My use of the phrase “pro” environment refers to the way in which teams and players are prepared nowadays in the highly competitive world of interschool rugby at the top level. It has nothing to do with producing players for the professional rugby game once they leave school. Of course it’s not the role of schools to do that and I would never suggest that it is. The chances of making it as a professional player are so slim that it’s actually very poor advice to encourage a young player to put all his efforts into it.
We need professional players. They are the ones we all love watching on TV and in the stadiums (in the good old days). Quality coaching at school level is necessary to put them on their paths, but it’s not the role of school rugby to produce players for the professional ranks.
The professional school rugby environment I’m talking about is managed by highly qualified coaches – technical experts, fitness specialists, sports psychologists, nutritionists etc. Teachers, typically don’t have these skills, so those roles are filled by people from outside the school, and they don’t come cheap.
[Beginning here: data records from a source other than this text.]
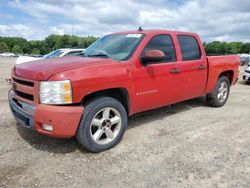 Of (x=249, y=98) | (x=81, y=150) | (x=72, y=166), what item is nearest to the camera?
(x=72, y=166)

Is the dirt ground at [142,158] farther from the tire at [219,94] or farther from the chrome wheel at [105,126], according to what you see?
the tire at [219,94]

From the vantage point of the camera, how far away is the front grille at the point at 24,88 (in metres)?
3.56

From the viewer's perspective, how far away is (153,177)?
317 cm

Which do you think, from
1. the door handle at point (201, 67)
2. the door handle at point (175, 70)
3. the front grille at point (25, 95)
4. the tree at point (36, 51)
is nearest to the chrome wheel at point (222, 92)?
the door handle at point (201, 67)

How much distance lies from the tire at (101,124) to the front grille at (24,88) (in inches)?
30.8

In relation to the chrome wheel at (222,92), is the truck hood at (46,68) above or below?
above

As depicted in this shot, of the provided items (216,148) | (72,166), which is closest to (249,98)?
(216,148)

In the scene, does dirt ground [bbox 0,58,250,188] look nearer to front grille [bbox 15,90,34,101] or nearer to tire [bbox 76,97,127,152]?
tire [bbox 76,97,127,152]

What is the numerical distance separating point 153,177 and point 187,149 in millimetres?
1023

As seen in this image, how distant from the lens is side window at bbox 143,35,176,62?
4672 millimetres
For the boys involved, rugby becomes pretty much the only game they can play, and they practice almost all year long. Early specialisation, excessive exercise workloads and, sometimes, the use of performance enhancing substances, are the problems that are often found.
And it’s all driven by an over-emphasis on winning. Timothy and Allan have that exactly right in what they have written. No amount of professional coaching will bring you victory if you don’t have the right players, so recruitment becomes part of it, and it’s probably the greatest of the evils, akin (almost) to child trafficking.
When schools use the possibility of a career as a player to lure a promising youngster to their ranks they are being dishonest. They know they cannot guarantee that he will make it. No, it’s all about winning, and ensuring that there is a flow of good (and physically big) players coming through the age groups.
It is, however, not a single story. In my 40-odd years of closely observing schools rugby I’ve seen some pretty shady practices, and a lot of dishonesty. But I’ve also met great educationalists and philosopher coaches who have the interests of their players at heart.
I’m not arguing that the professionalisation of rugby at school level is necessarily the right thing. I am saying, however, that not every school that runs a professional rugby system is guilty of unethical and uneducational practices. And I’m saying that it is possible to run a sophisticated, super-efficient programme and still have the holistic education of the kids at heart.
That’s what great schools are all about. They have great people in them, and they are very successful in all that they do, including rugby. They treat everything seriously and do all they can to turn their learners into the best possible versions of themselves. They all have successful sporting programmes and all produce excellent academic results with near 100% pass rates and bucketsful of distinctions.
That’s not always the case, I know, and there are plenty of examples of where the obsession with winning overrides everything and things go wrong. Those schools are not among the great ones, in my view.